» **About this task**:
Provide a character-exact reproduction of the lines from the line with "Used 2020 Chevrolet" to the end of the entries.

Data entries

···

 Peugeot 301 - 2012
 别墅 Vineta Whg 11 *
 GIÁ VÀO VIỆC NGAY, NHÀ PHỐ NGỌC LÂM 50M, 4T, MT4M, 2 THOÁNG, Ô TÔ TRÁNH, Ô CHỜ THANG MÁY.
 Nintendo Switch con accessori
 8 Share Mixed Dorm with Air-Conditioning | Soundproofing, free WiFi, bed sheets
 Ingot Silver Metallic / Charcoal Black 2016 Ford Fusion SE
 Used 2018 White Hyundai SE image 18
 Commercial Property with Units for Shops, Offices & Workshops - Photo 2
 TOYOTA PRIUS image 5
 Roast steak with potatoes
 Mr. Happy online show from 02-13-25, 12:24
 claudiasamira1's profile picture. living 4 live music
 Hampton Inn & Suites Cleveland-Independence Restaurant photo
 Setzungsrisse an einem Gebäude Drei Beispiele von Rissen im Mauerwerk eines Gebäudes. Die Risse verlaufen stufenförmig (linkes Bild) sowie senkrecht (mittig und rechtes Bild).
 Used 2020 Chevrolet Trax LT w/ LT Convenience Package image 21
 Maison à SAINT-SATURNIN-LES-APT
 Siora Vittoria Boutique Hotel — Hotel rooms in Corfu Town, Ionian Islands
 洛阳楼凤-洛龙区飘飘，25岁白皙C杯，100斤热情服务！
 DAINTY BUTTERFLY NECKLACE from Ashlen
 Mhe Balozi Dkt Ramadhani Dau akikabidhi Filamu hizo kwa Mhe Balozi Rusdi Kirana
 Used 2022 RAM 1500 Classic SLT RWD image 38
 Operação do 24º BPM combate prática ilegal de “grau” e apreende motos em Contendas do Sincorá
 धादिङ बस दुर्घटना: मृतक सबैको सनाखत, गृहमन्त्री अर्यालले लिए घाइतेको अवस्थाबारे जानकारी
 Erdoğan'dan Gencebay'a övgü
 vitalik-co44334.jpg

···

» **Answer**:
 Used 2020 Chevrolet Trax LT w/ LT Convenience Package image 21
 Maison à SAINT-SATURNIN-LES-APT
 Siora Vittoria Boutique Hotel — Hotel rooms in Corfu Town, Ionian Islands
 洛阳楼凤-洛龙区飘飘，25岁白皙C杯，100斤热情服务！
 DAINTY BUTTERFLY NECKLACE from Ashlen
 Mhe Balozi Dkt Ramadhani Dau akikabidhi Filamu hizo kwa Mhe Balozi Rusdi Kirana
 Used 2022 RAM 1500 Classic SLT RWD image 38
 Operação do 24º BPM combate prática ilegal de “grau” e apreende motos em Contendas do Sincorá
 धादिङ बस दुर्घटना: मृतक सबैको सनाखत, गृहमन्त्री अर्यालले लिए घाइतेको अवस्थाबारे जानकारी
 Erdoğan'dan Gencebay'a övgü
 vitalik-co44334.jpg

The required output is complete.